Where this may go in the future with enhanced definitions in SIP is  future consideration.
 
We all agree (I suspect) that SIP can be far more robust here for this "functionality".
When and if someone wants to define what that new and robust "functionality" is in SIP
it would beg the question as to whether or not this specific header for UUI is the right avenue for that.
It could be and it couldn't be - I can see that debate going either way and for very good reasons
for going either way. The bottom line is we have an immediate need right now that this draft addresses - I do not want to see this
get bogged down by future concerns - and the definition allows for that if anyone chooses to extend it
going forward in SIP...
 
Can we eliminate the "futures" discussion here for that "other track" and just deal with the immediate need please?
 
Thanks,
Joanne
 
----- Original Message -----
Sent: Thursday, November 20, 2008 11:37 AM
Subject: Re: draft-johnston-sipping-cc-uui-05

>  1) Get this syntax agreed as soon as possible because it is needed by
> the industry in the today's PSTN/SIP mixed environment.
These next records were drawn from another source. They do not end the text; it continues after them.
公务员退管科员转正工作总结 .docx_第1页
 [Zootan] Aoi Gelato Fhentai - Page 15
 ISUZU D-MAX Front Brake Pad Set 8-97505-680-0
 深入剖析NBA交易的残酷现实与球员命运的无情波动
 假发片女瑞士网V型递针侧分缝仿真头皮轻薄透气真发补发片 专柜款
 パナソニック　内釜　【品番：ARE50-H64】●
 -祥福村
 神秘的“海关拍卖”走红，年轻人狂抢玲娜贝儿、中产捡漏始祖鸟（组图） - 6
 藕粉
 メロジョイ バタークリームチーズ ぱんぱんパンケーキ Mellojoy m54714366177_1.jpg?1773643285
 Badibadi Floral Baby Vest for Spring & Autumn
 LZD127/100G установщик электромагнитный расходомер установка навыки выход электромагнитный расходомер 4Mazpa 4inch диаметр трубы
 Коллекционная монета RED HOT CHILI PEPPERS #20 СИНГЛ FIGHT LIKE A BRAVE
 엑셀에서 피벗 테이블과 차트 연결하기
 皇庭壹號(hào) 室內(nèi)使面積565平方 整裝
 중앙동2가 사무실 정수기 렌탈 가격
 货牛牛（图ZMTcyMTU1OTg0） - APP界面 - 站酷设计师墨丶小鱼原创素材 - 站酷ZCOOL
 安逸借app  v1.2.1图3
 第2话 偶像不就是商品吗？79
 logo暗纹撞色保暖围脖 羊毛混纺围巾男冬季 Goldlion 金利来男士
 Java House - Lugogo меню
Well, I have here to make the observation that SIP-PSTN is not the only mixed environment.
SIP is also used on IP networks and on the Internet and the UUI may look there vastly more different - probably extensible and very powerful. And it may be just as urgent.

So it appears the SIP UUI may end up with two tracks, one for compatibility with ISDN and the other for the IP networks and the Internet.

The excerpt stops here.